Thinking about our children, it means that we are destroying their future. We are also permitting a system that allows the transfer of wealth from ordinary people to elites, whilst permitting the destruction of public resources and securing resource and wealth monopolies for a few.
It means our children will not be able to afford houses, or the luxury of an education, or perhaps job security. And it means our environment will be a graveyard.
So, what does this mean? Does this mean that environmental subsidies are bad?
No. It means that we need to ensure that environmental subsidies are directed from the public to the public good. It means that action of any kind should not be a political stunt that disguises the transfer of wealth from ordinary people to elites.
And when I say that, I think of Thames Water. I think of the many private equity schemes that have been destroying this country.
I hope that, amidst this climate of distractions, identity politics, rage bait, social media addiction, and the replacement of action with outrage, we can remind ourselves to be clear-eyed about what matters.
For me, that is a future for our family. For me, that is the protection of resources that we all should have access to, not just the privileged few.
For me, it means holding our politicians to account, and that means not looking at what they say, but paying attention to what they do for you.

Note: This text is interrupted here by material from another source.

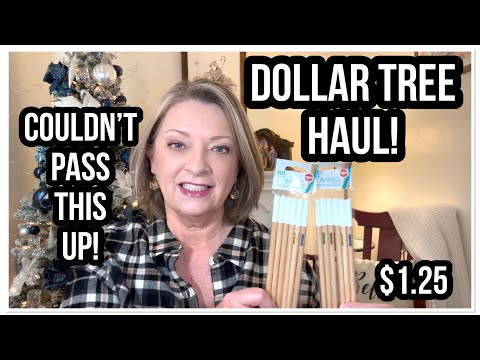 DOLLAR TREE HAUL | COULDN’T PASS THIS UP | | NEW FINDS | LOVE DT😁 #haul #dollartree #dollartreehaul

What I mean by that is: ask yourself a simple question amidst the noise and the media rhetoric – what has meaningfully improved for you, your life, and your children, and is the noise of today a distraction or something that will materially move the needle for you your loved ones, your communities, and our country.
And I hope we see our politicians and our media illuminating that these disasters, including Epstein, deforestation, the rising cost of living, and war inflation, are properly addressed.
It means our politicians and our media start naming these disasters and these frauds not as witch-hunts for individuals but as symptoms of a broken system. We must start naming the systemic issues and moving towards addressing them.
To put it very simply, we must start with wealth inequality. Wealth inequality transfers power and centralises it in the hands of a few, who buy our politicians, who buy our media, who monopolise power, influence the use of violence, and erode democracy.
It means enriching a few, by taking from our children.
So let’s remind ourselves to not get distracted by rage bait and the feeling of outrage that replaces action and the calls to divide ourselves along the lines of contrived difference.
And, instead, lets stand together, stop wealth inequality and the transfer of power and resources from ordinary people to elites and demand our politicians fix the broken system to protect our children.